Why this is Important
Healthy communities depend on engaged and informed residents that participate in civic life. Residents have to care about the community around them in order for it to thrive, and service learning is one tool to engage students in this lifestyle. Moreover, it highlights the importance of giving back to the community so this attitude can continue to further generations. Students also benefit from this kind of learning. The Center for Information and Research in Civic Learning and Engagement (CIRCLE) found that the college graduation rate increased by 22 percent among students involved in community service to fulfill class requirements. Promoting service learning will foster better communication skills for these youth who are working out in the community, produce a more highly educated population, and could potentially encourage employers to look favorably on those individuals and communities who are invested in their surrounding environment.
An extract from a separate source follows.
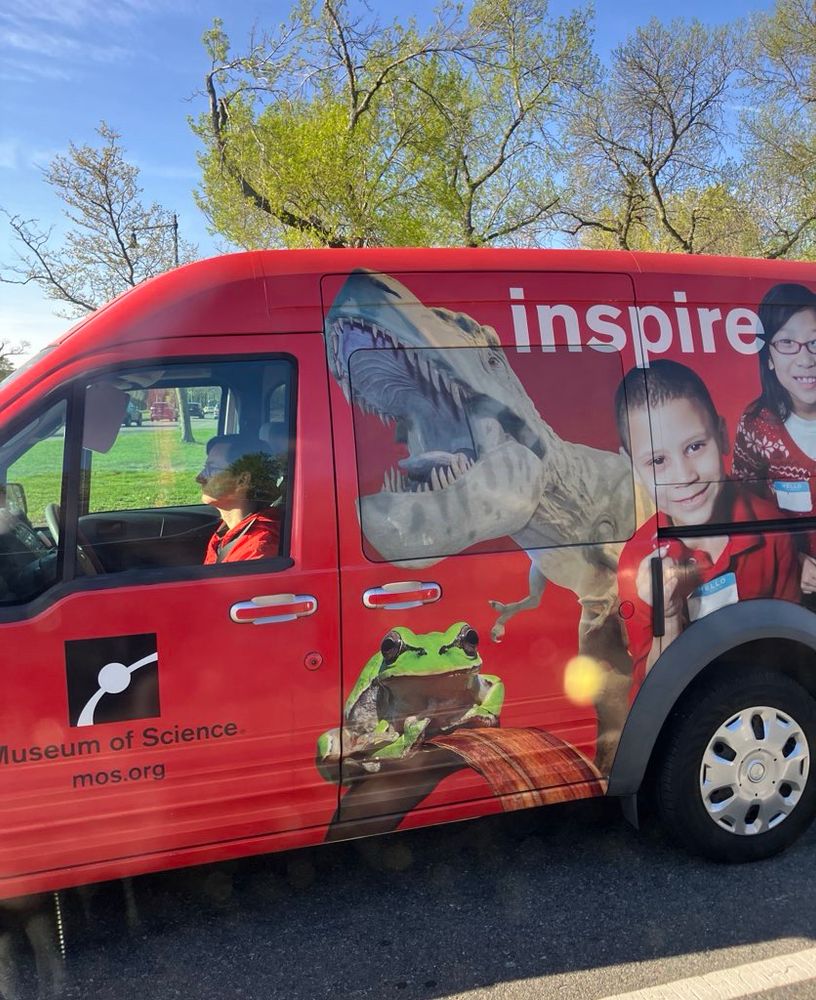Museum of Science van with ginormous T-Rex, frog, and enthusiastic children emblazoned on the side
Maryland is considered the leader in state-mandated service-learning. It was the first state to require high school students to engage in service-learning as a condition for graduation. Maryland provided broad state guidelines for the requirement, but then left it up to each of the school districts to adopt their own programs. This flexibility has made the service learning requirement extremely successful because local districts were allowed to develop their own ideas catered to each individual community. In addition, in many cases schools have integrated service learning into their curriculum so it becomes part of a student’s learning, rather than something to just check off before a student graduates. Finally, the Maryland Department of Education has provided all kinds of training and resources for districts for project ideas, information for principals and peer contacts for more information. Annually the state conducts a service learning awards ceremony and the districts compete against each other for the best statewide project. In summary, the idea of service learning has become part of the student’s curriculum, the state has supported districts as they adopt ways to meet the law and principals and others are given the resources they need on the ground.
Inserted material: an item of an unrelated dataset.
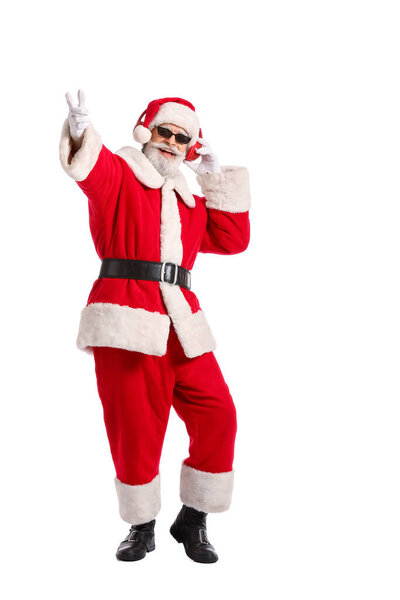 Cool Santa Claus listening to music on white background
The National Service Learning Clearinghouse has several best practices best practices for service learning opportunities at both the college and high school levels. For example, Westerville, Ohio’s Otterbein University offers more than 80 courses that involve service learning in many subject areas. Otterbein students have embraced this type of learning with wide support.
Current Context in NC
The closest North Carolina ever got to a state-mandated service-learning requirement was the high school graduation project, which was mandated by the State Board of Education in 2005. While the graduation project was not explicitly a service-learning requirement, the project did require that students engage in either a service or work project. The high school graduation requirement, though, was repealed in 2009. Nevertheless, NC Department of Public Instruction still maintains its website on the graduation requirement and several school districts still require it for graduation. Examples include Duplin County schools and Chapel Hill Carrboro High School. Students have shown overwhelmingly positive support for these programs .
Other schools have embraced service learning not as a requirement, but as an option that is highly rewarded. Guilford County public schools offers a service learning certification when they graduate from high school if they complete 250 hours and address a pressing community problem. This program is designed to reward students who go beyond the regular high school curriculum and undertaken this extra assignment.